If you don't consider the above all the same generation, then there is no need to argue. If you do, lets debate your argument point by point
#1-- If you want to count this fine, but this leads to the Athlon with 64-bit argument Burns was trying to make
#2-- This was done on Timna, an intended value CPU. This is not a new idea, AMD just is taking a gamble it doesn't backfire (locked into the wrong/slow memory tech.
#3-- Possibly an improvement for MP systems, I fail to see how this improves performance on UP systems (other than the effect of #2). Timna had integrated hublink.
#4-- PII, and Coppermine both saw a new cache design (not just bigger) than their predecessor
#5-- PIII added SSE... new brand name, but same "generation"
#6-- How was it reworked? Most everything that I have seen says AMD has added a stage or two to the decoder, but the rest stays essentially the same.
#7-- Process improvements do not define an architecture... Tualatin moving to copper didn't mean it is a new architecture
#8-- Could you be more specific? Other than some changes to the decoders, I haven't seen much new.

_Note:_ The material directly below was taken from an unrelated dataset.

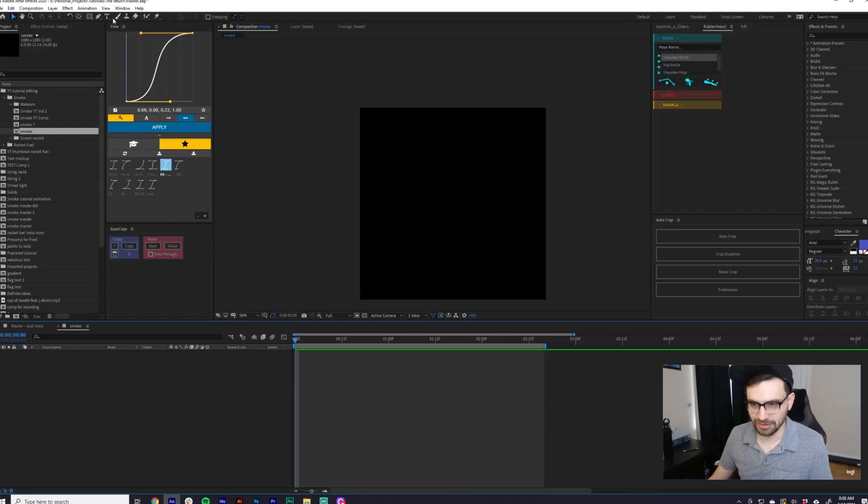Hello YouTube. New week, new me, new tutorial. I just want to go over how I made that dust trail. I just want to do a step-by-step process for you in After Effects. So without further ado, let's jump right in.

Willamette shared no transistors with the P6 generation... I don't think you can come close to saying the same for K7 and Hammer

Varun · Sep 30, 2002

I don't see why it's such a big deal if the core is basically the K7. From articles I have read about the Hammer the attempt is to utilize the core much more than it is now. I'm no computer engineer (yet) but basically the data pipes sit empty most of the time in the current Athlon. The attempt with the hammer is to optimize the data so that the core is being used much much closer to 100% than it is now. Plus add in things like the SSE-2 and other new features to improve performance. They can call it the K8 if they want because it isn't the K7. It may share some points with the K7 but only those that weren't saturated with workloads.

Just my 2c

Sohcan · Oct 1, 2002

*cracks knuckles*

Okay, I'm back.

Most previous x86 generational changes introduced not only a new microarchitecture, but a new execution paradigm. This unfortunately has caused most people to expect the same thing from subsequent microarchitectures. Ignoring the 80286 () the major (Intel) x86 microarchitectures brought the following:

80386: (more) orthogonal register set and paging (perhaps the two most important items), 32-bit flat addressing, translation lookahead-buffers
80486: Fully pipelined integer execution, integrated level 1 I/D caches, integrated floating-point unit
Pentium: 2-way issue statically scheduled superscalar
Pentium Pro: 3-way issue dynamically scheduled superscalar and speculative execution (and all the goodies that come with it: advanced dynamic branch prediction, branch target buffers, decoupled execution).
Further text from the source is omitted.